Work instruction:
In the records below, the line with "Musk’tan Twitter’a geçici sınırlama" opens the range and the line with "Leuke instapklare woning" closes it; print that range exactly and nothing else.

Scraped caption text data

● ● ● ● ● ● ●

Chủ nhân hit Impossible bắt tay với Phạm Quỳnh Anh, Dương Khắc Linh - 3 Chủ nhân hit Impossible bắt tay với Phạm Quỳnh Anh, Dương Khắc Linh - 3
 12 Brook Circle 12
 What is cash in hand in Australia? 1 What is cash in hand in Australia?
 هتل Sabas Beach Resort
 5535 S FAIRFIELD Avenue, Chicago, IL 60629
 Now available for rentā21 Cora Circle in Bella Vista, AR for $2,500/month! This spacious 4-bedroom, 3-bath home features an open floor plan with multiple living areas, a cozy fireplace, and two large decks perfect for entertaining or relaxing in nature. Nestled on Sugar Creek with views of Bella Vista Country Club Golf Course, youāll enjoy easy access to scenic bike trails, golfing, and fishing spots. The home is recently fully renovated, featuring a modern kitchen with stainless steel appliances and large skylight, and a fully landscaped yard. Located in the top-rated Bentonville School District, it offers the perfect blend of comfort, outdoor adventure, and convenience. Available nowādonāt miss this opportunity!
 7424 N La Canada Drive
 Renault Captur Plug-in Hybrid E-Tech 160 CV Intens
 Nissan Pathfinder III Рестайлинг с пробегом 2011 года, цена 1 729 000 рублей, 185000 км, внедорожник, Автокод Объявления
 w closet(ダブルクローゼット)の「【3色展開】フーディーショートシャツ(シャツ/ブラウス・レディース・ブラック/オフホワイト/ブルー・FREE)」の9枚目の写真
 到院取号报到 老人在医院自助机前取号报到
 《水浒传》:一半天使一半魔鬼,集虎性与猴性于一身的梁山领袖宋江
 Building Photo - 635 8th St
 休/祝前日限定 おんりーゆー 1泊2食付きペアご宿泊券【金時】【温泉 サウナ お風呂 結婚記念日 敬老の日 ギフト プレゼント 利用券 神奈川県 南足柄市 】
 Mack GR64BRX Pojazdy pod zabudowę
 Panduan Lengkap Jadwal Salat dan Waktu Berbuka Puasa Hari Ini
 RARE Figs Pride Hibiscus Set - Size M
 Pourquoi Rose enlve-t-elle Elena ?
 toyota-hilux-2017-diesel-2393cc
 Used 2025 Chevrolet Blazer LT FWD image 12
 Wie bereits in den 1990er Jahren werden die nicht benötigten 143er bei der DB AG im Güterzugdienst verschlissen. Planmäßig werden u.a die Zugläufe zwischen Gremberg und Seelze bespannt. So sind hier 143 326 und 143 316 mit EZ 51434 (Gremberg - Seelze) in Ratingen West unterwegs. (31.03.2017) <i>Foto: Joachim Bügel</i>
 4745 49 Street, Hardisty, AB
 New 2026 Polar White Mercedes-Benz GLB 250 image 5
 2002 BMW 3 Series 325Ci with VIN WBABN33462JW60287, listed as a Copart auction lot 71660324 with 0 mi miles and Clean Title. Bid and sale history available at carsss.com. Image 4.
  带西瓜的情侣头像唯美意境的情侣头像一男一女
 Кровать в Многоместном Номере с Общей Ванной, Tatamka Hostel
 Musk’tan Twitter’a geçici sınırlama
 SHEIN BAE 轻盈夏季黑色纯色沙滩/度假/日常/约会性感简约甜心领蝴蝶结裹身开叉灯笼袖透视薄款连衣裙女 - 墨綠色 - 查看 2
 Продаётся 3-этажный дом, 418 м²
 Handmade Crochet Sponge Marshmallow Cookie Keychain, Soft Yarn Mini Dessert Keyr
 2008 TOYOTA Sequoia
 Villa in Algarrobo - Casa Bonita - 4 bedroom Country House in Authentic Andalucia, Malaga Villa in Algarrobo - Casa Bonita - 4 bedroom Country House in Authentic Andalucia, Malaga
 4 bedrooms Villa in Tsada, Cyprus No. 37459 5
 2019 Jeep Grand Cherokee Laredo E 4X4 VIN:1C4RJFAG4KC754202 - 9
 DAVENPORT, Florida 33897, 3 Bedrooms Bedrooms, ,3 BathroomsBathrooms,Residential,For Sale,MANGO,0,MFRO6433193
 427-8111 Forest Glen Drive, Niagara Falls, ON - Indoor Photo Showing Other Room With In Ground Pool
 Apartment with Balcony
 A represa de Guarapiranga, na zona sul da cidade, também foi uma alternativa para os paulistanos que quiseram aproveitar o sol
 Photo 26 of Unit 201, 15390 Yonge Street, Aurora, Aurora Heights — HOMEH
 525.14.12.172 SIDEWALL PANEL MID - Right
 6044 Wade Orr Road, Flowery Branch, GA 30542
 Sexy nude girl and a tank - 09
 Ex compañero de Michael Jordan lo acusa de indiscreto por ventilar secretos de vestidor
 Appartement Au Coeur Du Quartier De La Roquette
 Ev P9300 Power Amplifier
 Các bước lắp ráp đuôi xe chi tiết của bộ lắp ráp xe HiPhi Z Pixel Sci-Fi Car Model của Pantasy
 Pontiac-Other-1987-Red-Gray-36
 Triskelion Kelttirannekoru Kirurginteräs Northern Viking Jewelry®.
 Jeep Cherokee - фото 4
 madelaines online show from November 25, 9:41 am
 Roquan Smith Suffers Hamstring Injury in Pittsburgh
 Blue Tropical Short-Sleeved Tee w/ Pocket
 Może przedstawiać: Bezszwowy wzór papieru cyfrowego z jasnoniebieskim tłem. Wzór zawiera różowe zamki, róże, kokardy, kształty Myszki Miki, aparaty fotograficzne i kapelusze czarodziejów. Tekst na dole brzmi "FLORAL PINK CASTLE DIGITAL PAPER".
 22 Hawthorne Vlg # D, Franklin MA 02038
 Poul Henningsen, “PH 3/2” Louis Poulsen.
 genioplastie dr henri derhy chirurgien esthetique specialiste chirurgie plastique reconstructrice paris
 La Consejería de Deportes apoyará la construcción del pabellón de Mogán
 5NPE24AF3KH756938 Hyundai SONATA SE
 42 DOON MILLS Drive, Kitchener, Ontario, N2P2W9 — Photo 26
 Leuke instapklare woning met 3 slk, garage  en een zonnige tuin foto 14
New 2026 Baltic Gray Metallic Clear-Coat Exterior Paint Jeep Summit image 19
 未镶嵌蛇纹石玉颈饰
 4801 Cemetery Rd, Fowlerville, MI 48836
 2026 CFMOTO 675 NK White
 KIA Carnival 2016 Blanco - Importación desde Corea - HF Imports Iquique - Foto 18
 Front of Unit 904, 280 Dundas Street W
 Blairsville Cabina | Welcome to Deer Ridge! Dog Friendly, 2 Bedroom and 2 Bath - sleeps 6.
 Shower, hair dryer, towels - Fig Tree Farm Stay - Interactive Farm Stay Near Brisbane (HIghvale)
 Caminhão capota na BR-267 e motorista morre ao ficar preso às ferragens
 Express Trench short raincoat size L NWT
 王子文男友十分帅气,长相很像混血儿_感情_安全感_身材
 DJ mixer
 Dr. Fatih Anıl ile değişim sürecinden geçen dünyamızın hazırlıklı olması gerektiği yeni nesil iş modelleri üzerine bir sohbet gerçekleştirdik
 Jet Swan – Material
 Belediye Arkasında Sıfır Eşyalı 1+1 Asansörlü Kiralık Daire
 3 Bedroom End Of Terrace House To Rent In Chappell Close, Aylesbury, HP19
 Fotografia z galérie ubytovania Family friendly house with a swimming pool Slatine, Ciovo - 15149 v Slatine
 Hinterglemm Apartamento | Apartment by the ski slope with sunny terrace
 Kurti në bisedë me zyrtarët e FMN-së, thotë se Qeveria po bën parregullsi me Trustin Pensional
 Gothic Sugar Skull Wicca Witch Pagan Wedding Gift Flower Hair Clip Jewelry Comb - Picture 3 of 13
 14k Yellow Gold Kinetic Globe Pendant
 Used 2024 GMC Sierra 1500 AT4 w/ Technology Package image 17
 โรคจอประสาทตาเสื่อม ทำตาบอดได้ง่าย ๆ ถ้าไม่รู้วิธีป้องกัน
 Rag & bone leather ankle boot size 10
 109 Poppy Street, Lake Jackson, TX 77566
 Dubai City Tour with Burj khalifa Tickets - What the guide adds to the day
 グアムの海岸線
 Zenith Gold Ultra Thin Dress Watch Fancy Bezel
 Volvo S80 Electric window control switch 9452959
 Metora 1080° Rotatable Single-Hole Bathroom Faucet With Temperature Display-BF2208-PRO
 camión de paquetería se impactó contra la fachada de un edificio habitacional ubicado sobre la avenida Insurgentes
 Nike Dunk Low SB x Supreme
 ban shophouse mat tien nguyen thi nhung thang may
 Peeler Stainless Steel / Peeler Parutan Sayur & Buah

● ● ● ● ● ● ●

Response box:
 Musk’tan Twitter’a geçici sınırlama
 SHEIN BAE 轻盈夏季黑色纯色沙滩/度假/日常/约会性感简约甜心领蝴蝶结裹身开叉灯笼袖透视薄款连衣裙女 - 墨綠色 - 查看 2
 Продаётся 3-этажный дом, 418 м²
 Handmade Crochet Sponge Marshmallow Cookie Keychain, Soft Yarn Mini Dessert Keyr
 2008 TOYOTA Sequoia
 Villa in Algarrobo - Casa Bonita - 4 bedroom Country House in Authentic Andalucia, Malaga Villa in Algarrobo - Casa Bonita - 4 bedroom Country House in Authentic Andalucia, Malaga
 4 bedrooms Villa in Tsada, Cyprus No. 37459 5
 2019 Jeep Grand Cherokee Laredo E 4X4 VIN:1C4RJFAG4KC754202 - 9
 DAVENPORT, Florida 33897, 3 Bedrooms Bedrooms, ,3 BathroomsBathrooms,Residential,For Sale,MANGO,0,MFRO6433193
 427-8111 Forest Glen Drive, Niagara Falls, ON - Indoor Photo Showing Other Room With In Ground Pool
 Apartment with Balcony
 A represa de Guarapiranga, na zona sul da cidade, também foi uma alternativa para os paulistanos que quiseram aproveitar o sol
 Photo 26 of Unit 201, 15390 Yonge Street, Aurora, Aurora Heights — HOMEH
 525.14.12.172 SIDEWALL PANEL MID - Right
 6044 Wade Orr Road, Flowery Branch, GA 30542
 Sexy nude girl and a tank - 09
 Ex compañero de Michael Jordan lo acusa de indiscreto por ventilar secretos de vestidor
 Appartement Au Coeur Du Quartier De La Roquette
 Ev P9300 Power Amplifier
 Các bước lắp ráp đuôi xe chi tiết của bộ lắp ráp xe HiPhi Z Pixel Sci-Fi Car Model của Pantasy
 Pontiac-Other-1987-Red-Gray-36
 Triskelion Kelttirannekoru Kirurginteräs Northern Viking Jewelry®.
 Jeep Cherokee - фото 4
 madelaines online show from November 25, 9:41 am
 Roquan Smith Suffers Hamstring Injury in Pittsburgh
 Blue Tropical Short-Sleeved Tee w/ Pocket
 Może przedstawiać: Bezszwowy wzór papieru cyfrowego z jasnoniebieskim tłem. Wzór zawiera różowe zamki, róże, kokardy, kształty Myszki Miki, aparaty fotograficzne i kapelusze czarodziejów. Tekst na dole brzmi "FLORAL PINK CASTLE DIGITAL PAPER".
 22 Hawthorne Vlg # D, Franklin MA 02038
 Poul Henningsen, “PH 3/2” Louis Poulsen.
 genioplastie dr henri derhy chirurgien esthetique specialiste chirurgie plastique reconstructrice paris
 La Consejería de Deportes apoyará la construcción del pabellón de Mogán
 5NPE24AF3KH756938 Hyundai SONATA SE
 42 DOON MILLS Drive, Kitchener, Ontario, N2P2W9 — Photo 26
 Leuke instapklare woning met 3 slk, garage  en een zonnige tuin foto 14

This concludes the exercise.